Provided material Block Start

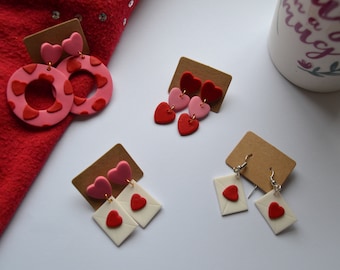 Cheetah Print CLAY EARRINGS Polka Dot Hearts Oval Valentines marbled Studs Valentines Stud Earrings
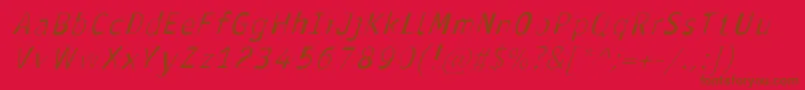 Fonte AntavianaItalic – fontes marrons em um fundo vermelho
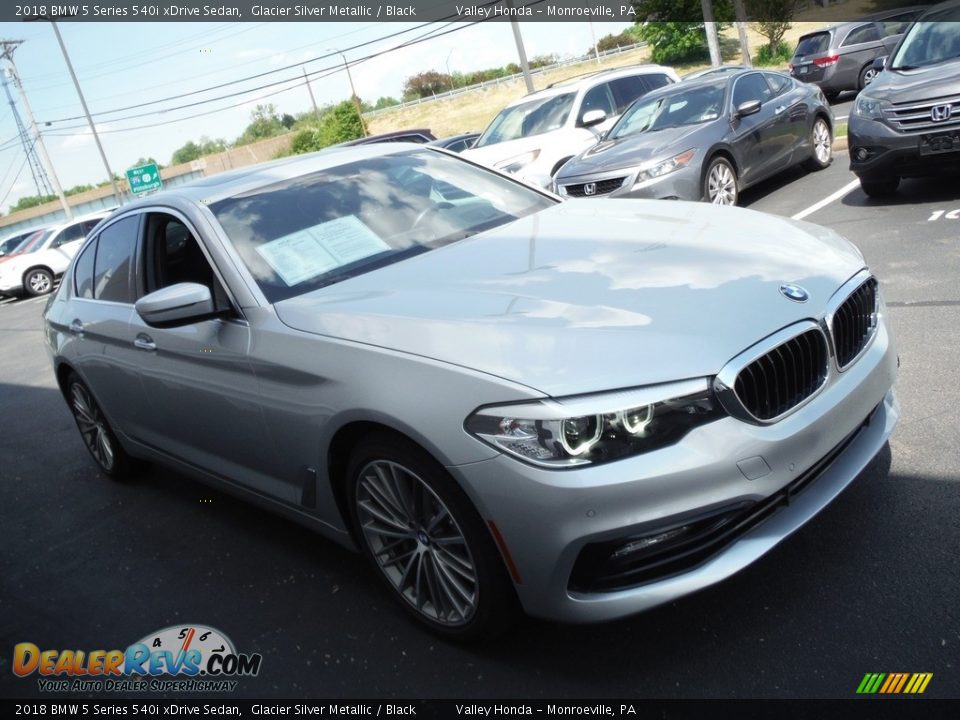 2018 BMW 5 Series 540i xDrive Sedan Glacier Silver Metallic / Black Photo #6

Provided material Block End

All of the data needs repeating exactly, but the pictures do not.

_Task answer_
 Cheetah Print CLAY EARRINGS Polka Dot Hearts Oval Valentines marbled Studs Valentines Stud Earrings
 Fonte AntavianaItalic – fontes marrons em um fundo vermelho
 2018 BMW 5 Series 540i xDrive Sedan Glacier Silver Metallic / Black Photo #6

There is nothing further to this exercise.